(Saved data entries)
== Segment start ==
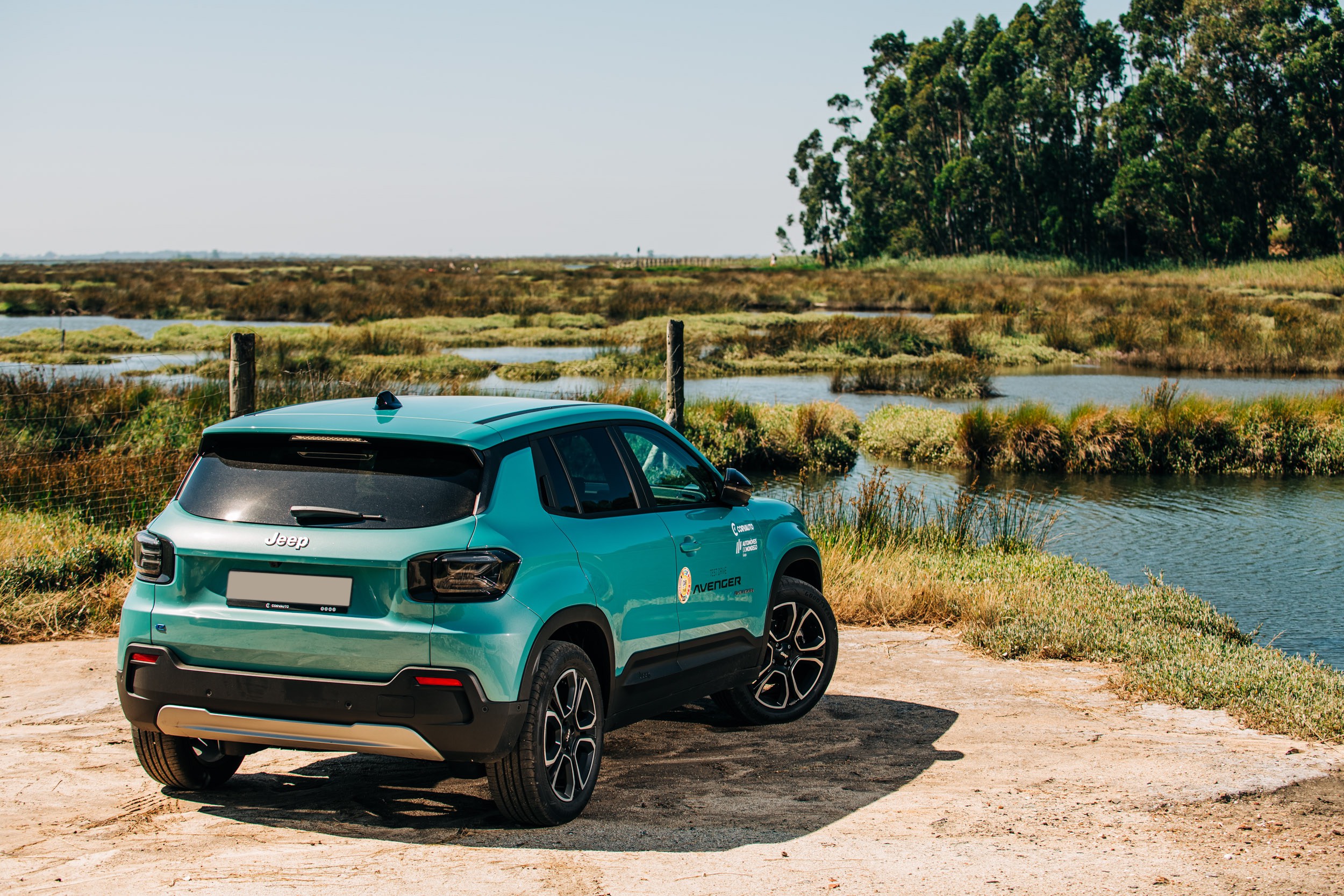Automóveis do Mondego e Corvauto, em conjunto com a marca Jeep, apoiam o evento Miss Quebramar Cup 15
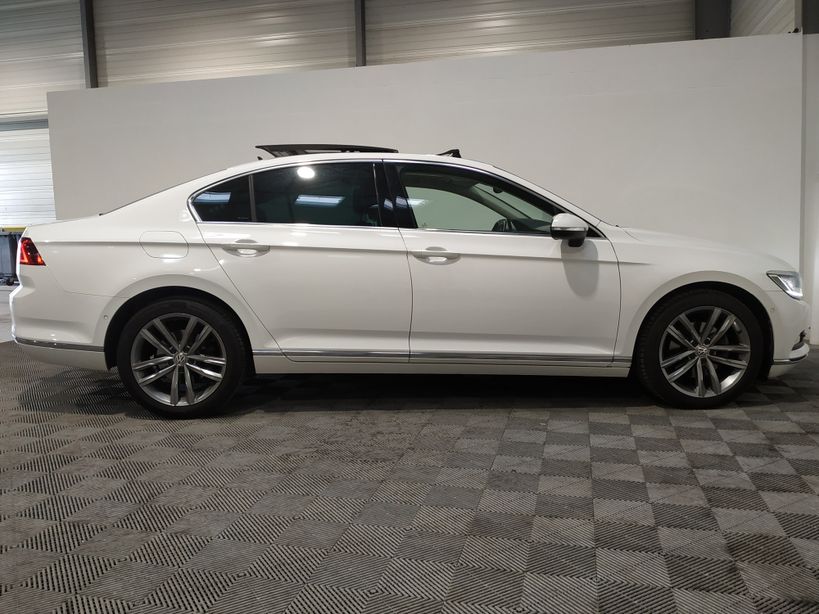 VOLKSWAGEN PASSAT 2015 - Photo n°10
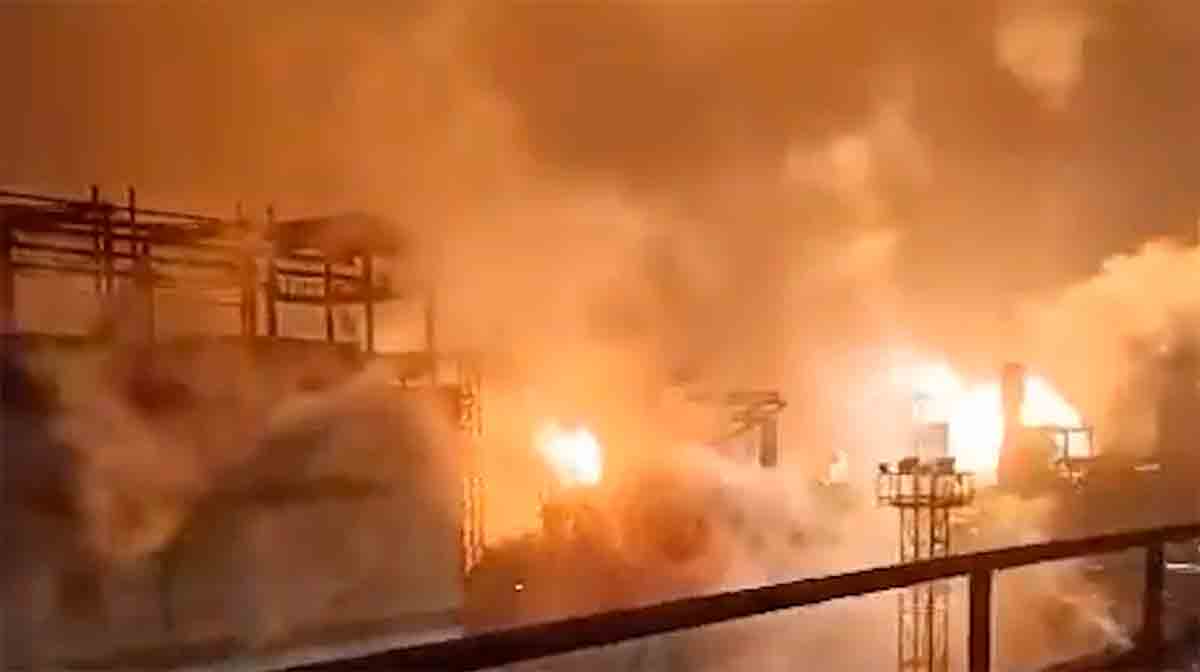 ビデオはウクライナの自爆ドローンがリペツクのノヴォリペツク製鉄所を攻撃している様子を映している。写真とビデオ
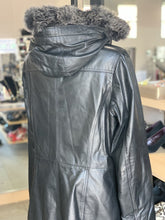 Load image into Gallery viewer, Danier Thinsulate Coat Vintage M

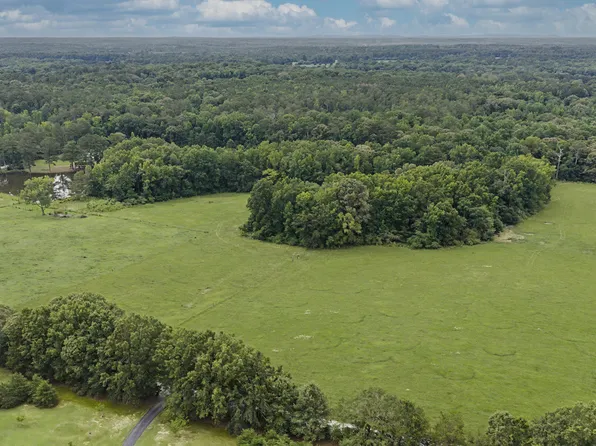 8 Mask Rd, Brooks, GA 30205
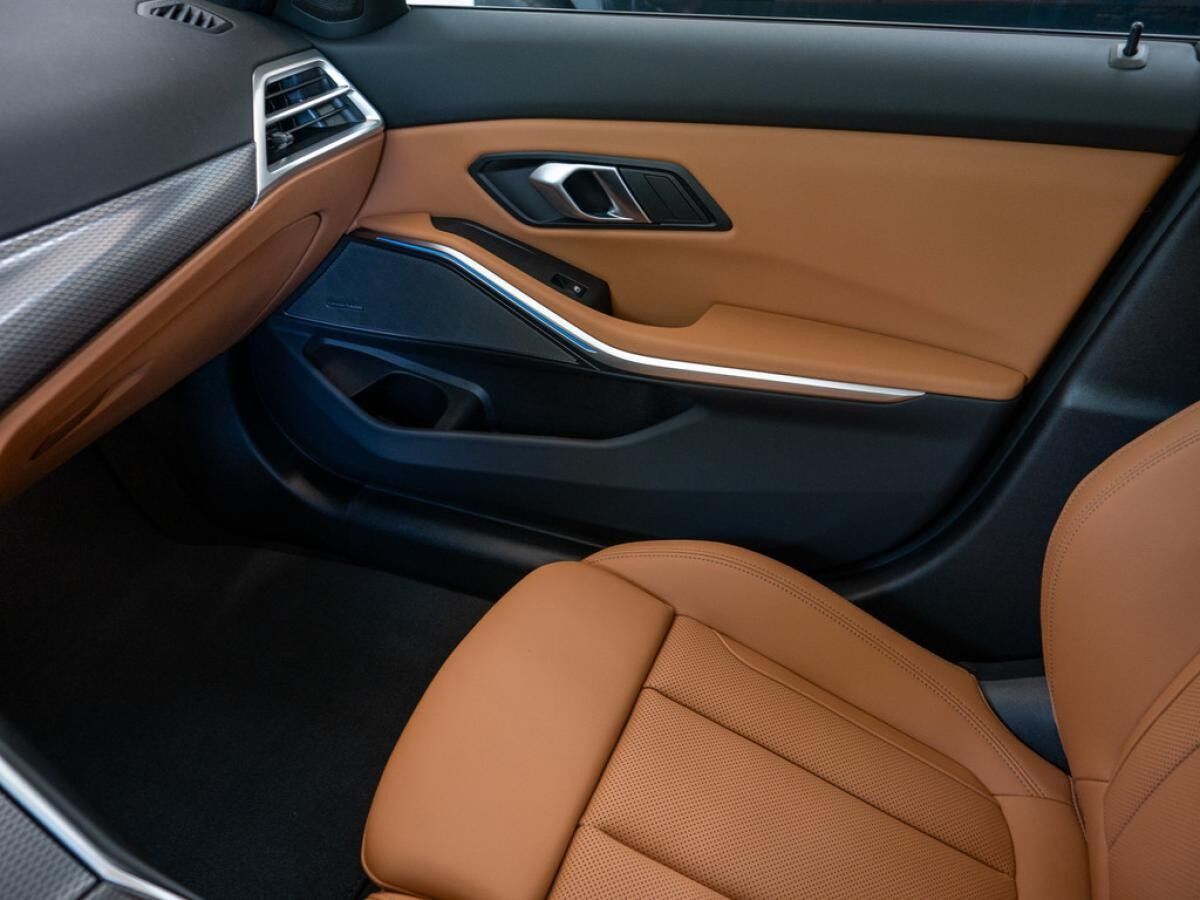 BMW 330 e xDrive Limousine BMW 330 e xDrive Limousine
== Segment end ==
WHAT THE EXERCISE ASKS
Verbatim output of every entry above is required, though pictures are to be left out.

TASK RESPONSE
Automóveis do Mondego e Corvauto, em conjunto com a marca Jeep, apoiam o evento Miss Quebramar Cup 15
 VOLKSWAGEN PASSAT 2015 - Photo n°10
 ビデオはウクライナの自爆ドローンがリペツクのノヴォリペツク製鉄所を攻撃している様子を映している。写真とビデオ
 Load image into Gallery viewer, Danier Thinsulate Coat Vintage M

 8 Mask Rd, Brooks, GA 30205
 BMW 330 e xDrive Limousine BMW 330 e xDrive Limousine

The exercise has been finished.